(Exercise aim): Set down, word for word, each line from the top of the data through the line that has "Trying Everything on"; omit every picture.

(Short descriptive text snippets)
....................

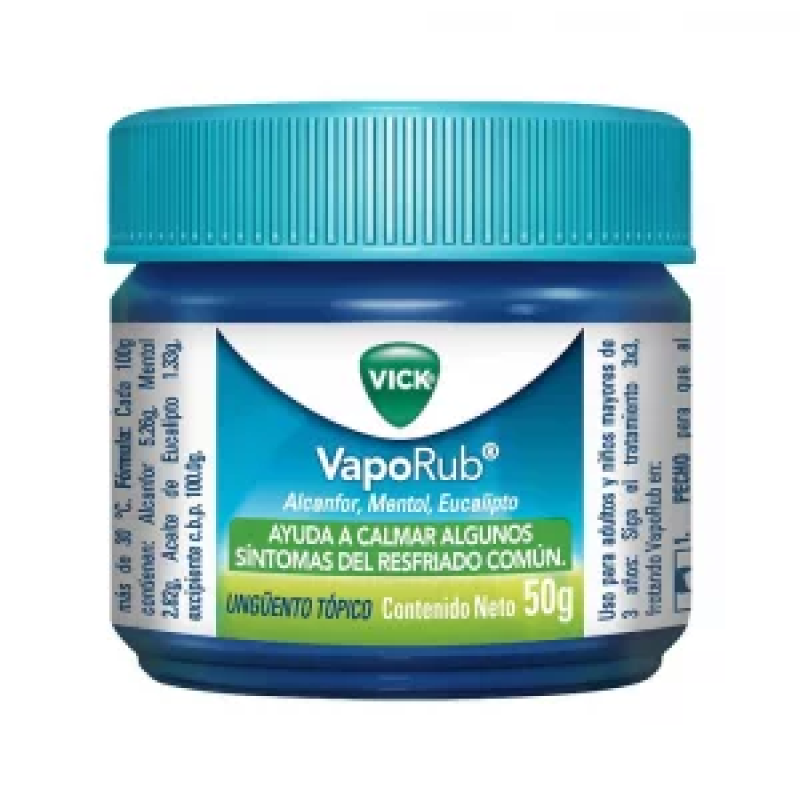 Descongestionante Vick Vaporub 50 Gr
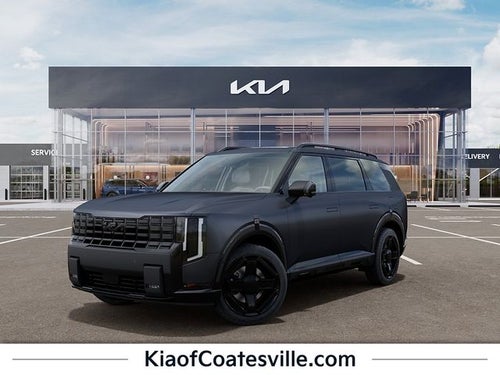 2027 Kia Telluride Hybrid X-Line SX Prestige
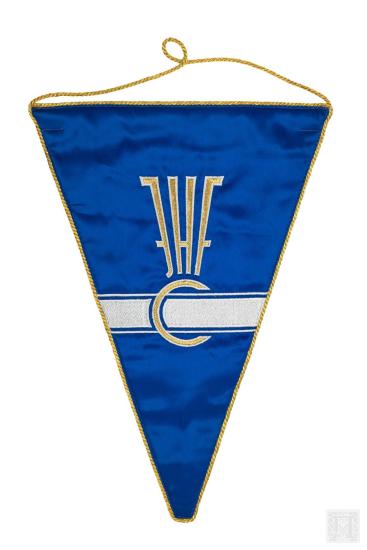 Τρίγωνο σημαιάκι Fahnen Fleck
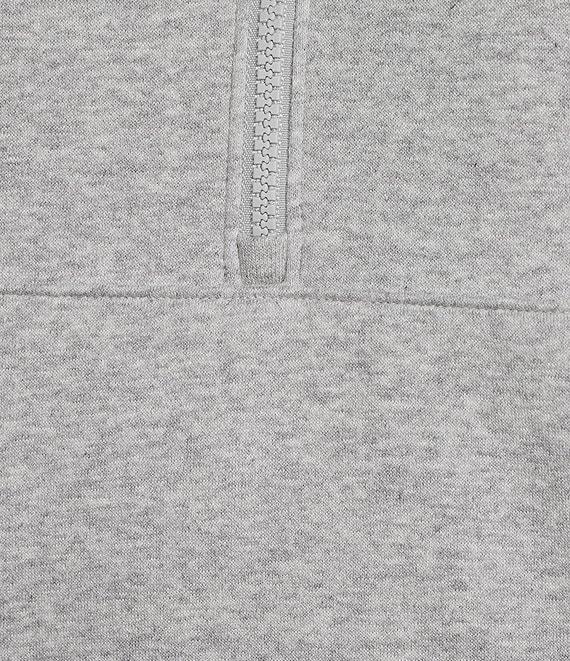 Under Armour Coordinating Rival Fleece Piped Long Sleeve 1/2 Zip Hoodie Product Image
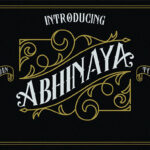 Abhinaya Font - Featured Image
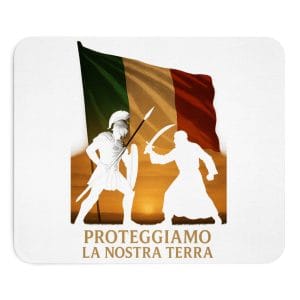 Proteggiamo La Nostra Terra Mouse Pad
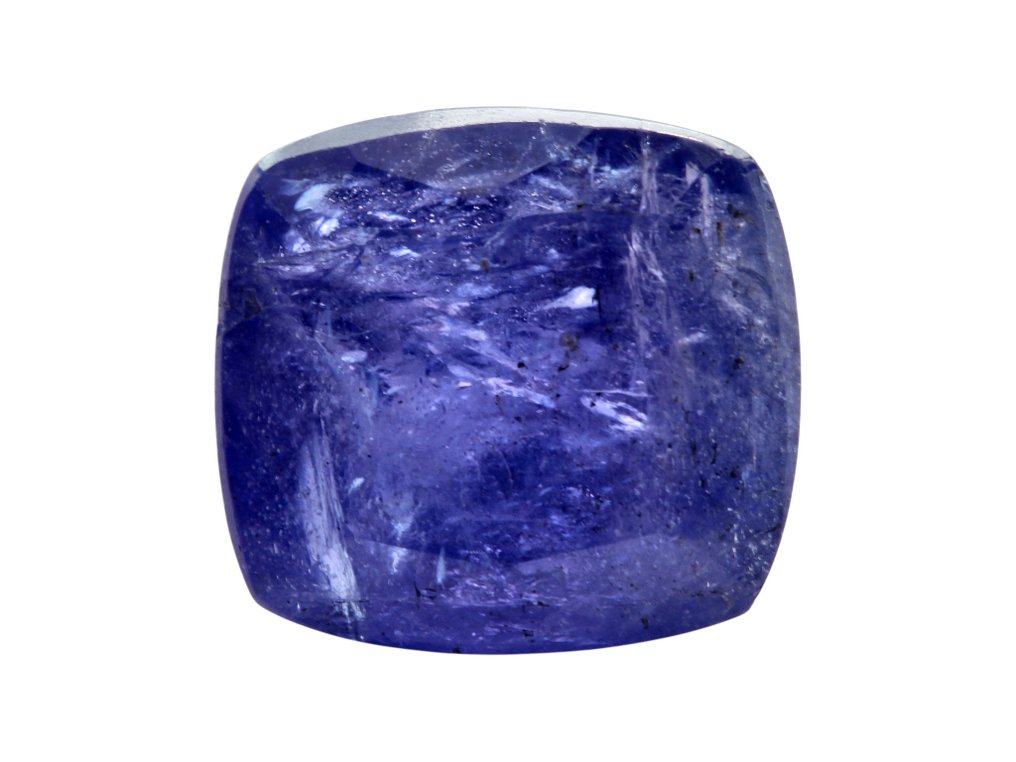 Zonder minimumprijs Blauw, Violet Tanzaniet - 5.21 ct - Instituto Gemólogico Español (IGE) #1.0
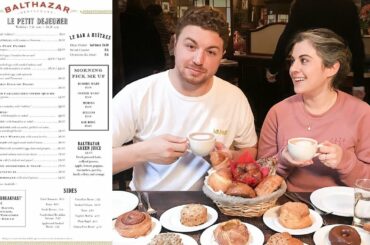Trying Everything on the Menu at an Iconic NYC Restaurant (Ft Claire Saffitz) | Bon Appétit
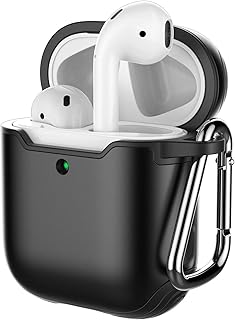 Étui jetech pour airpods (1ère et 2ème génération) étui de protection portable avec anneau. Avec plus de 300 000 références disponibles, DIAYTAR COTE D'IVOIRE est la destination parfaite pour les acheteurs qui cherchent à trouver tout ce dont ils ont besoin sous un même toit. La boutique propose une navigation facile et une recherche rapide pour aider les clients à trouver leurs produits préférés en un rien de temps.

....................

(Exercise solution):
 Descongestionante Vick Vaporub 50 Gr
 2027 Kia Telluride Hybrid X-Line SX Prestige
 Τρίγωνο σημαιάκι Fahnen Fleck
 Under Armour Coordinating Rival Fleece Piped Long Sleeve 1/2 Zip Hoodie Product Image
 Abhinaya Font - Featured Image
 Proteggiamo La Nostra Terra Mouse Pad
 Zonder minimumprijs Blauw, Violet Tanzaniet - 5.21 ct - Instituto Gemólogico Español (IGE) #1.0
Trying Everything on the Menu at an Iconic NYC Restaurant (Ft Claire Saffitz) | Bon Appétit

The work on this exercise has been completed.